Postel v. City of Seattle

Fullerton, J.

The appellant is the owner of certain lots in the city of Seattle fronting on Republican street and First avenue North. On February 4, 1903, the city of Seattle passed an ordinance providing for the grading of the streets above named, and pursuant thereto the city caused the same to be graded, completing the work on October 3, 1904. The grade as planned called for deep cuts in front of the appellant’s property, and when completed his lots were left from fifteen to thirty feet above the surface of the streets, cutting off access to them except from the rear through a narrow alley over a steep grade. On March 16, 1905, the appellant presented to the city council of the city of Seattle, and filed with the city clerk, a claim for damages caused by the grade1, which claim the city rejected. This action was thereupon brought to recover for the injury caused the lots by the grade. To a complaint embodying the foregoing facts, the city demurred on the ground that it did not state facts sufficient to constitute a cause of action. The court sustained the demurrer, whereupon the appellant elected to stand on his complaint. Judgment of dismissal was thereupon entered, and this appeal was taken therefrom.

Section 29 of art. 4 of the charter of the city of Seattle reads as follows:

“Section 29. All claims for damages against the city must be presented to the city council and filed with the clerk within thirty days after the time when such claims for damages accrued, and no ordinance shall be passed allowing any such claim or any part thereof, or appropriating money or other property to pay or satisfy the same or any part thereof, until such claim has first been referred to the proper department, nor until such department has made its report to the city council thereon, pursuant to such reference^ All such claims for damages much accurately locate and describe the *434defect that caused the injury, accurately describe the injury, give the residence for one year last past of the claimant, contain the items of damages claimed, and be sworn to by the claimant. Ho action shall be maintained against the city for any claim for damages until same has been presented to the city council and sixty days have elapsed after such presentation.”

The trial court held that this section of the city’s charter requires claims for damages of all kinds against the city to be presented to' the city council and filed with the city clerk within thirty days after the time when such claim accrues, before an action can be commenced thereon; and since the appellant did not file his claim until some five months after its accrual, it was barred by this provision of the charter. Against this ruling, the appellant makes two contentions: first, that this provision does not apply to this character of claim; and second, if it does so apply, it is void because a reasonable time within which to present such claims is not allowed by it.
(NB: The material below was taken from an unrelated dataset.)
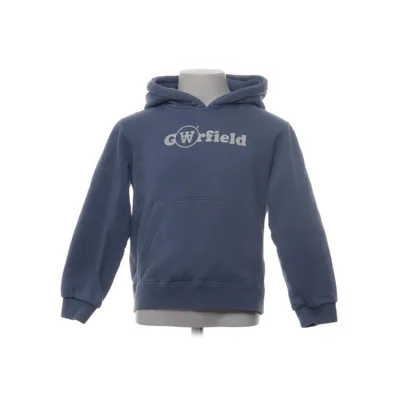 Huvtröja (Blå) från Wood Wood Bomull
With regard to the first question, we think there can be but little doubt that the charter provision requires claims of this character to be presented to the city council and filed with the clerk. The language used is “all claims for damages/’ and this admits of no exception. True, other portions of the section would seem to be more appropriate to claims of another character than this, but this cannot be held to do away with the general requirement. In presenting claims, the details provided by the charter provision need only be followed in so far as they are applicable to the particular claim, but the general provision requiring claims for damages to be presented is applicable to all claims, and can be followed in every instance. A similar question was before this court in Scurry v. Seattle, 8 Wash. 278, 36 Pac. 145. The charter of the city of Seattle at that time required all claims for damages to be presented to the city council within six months after the time when such claim accrued, and we *435held that a claim for damages sustained by the grading of a street must be presented within the time required as a condition precedent to the maintenance of an action thereon.

Nor do we think the second objection is well taken. In Born v. Spokane, 27 Wash. 719, 68 Pac. 386, and Ehrhardt v. Seattle, 40 Wash. 221, 82 Pac. 296, we held that thirty days was a reasonable time within which to present a claim for personal injuries, and it would be difficult to make a distinction in this regard between claims of that character and claims of the character of the one at bar. We are therefore constrained to hold the requirement reasonable in this respect.

The judgment is affirmed.

Mount, C. J., Root, Oeow, Dunbab, and Hadley, JJ., concur.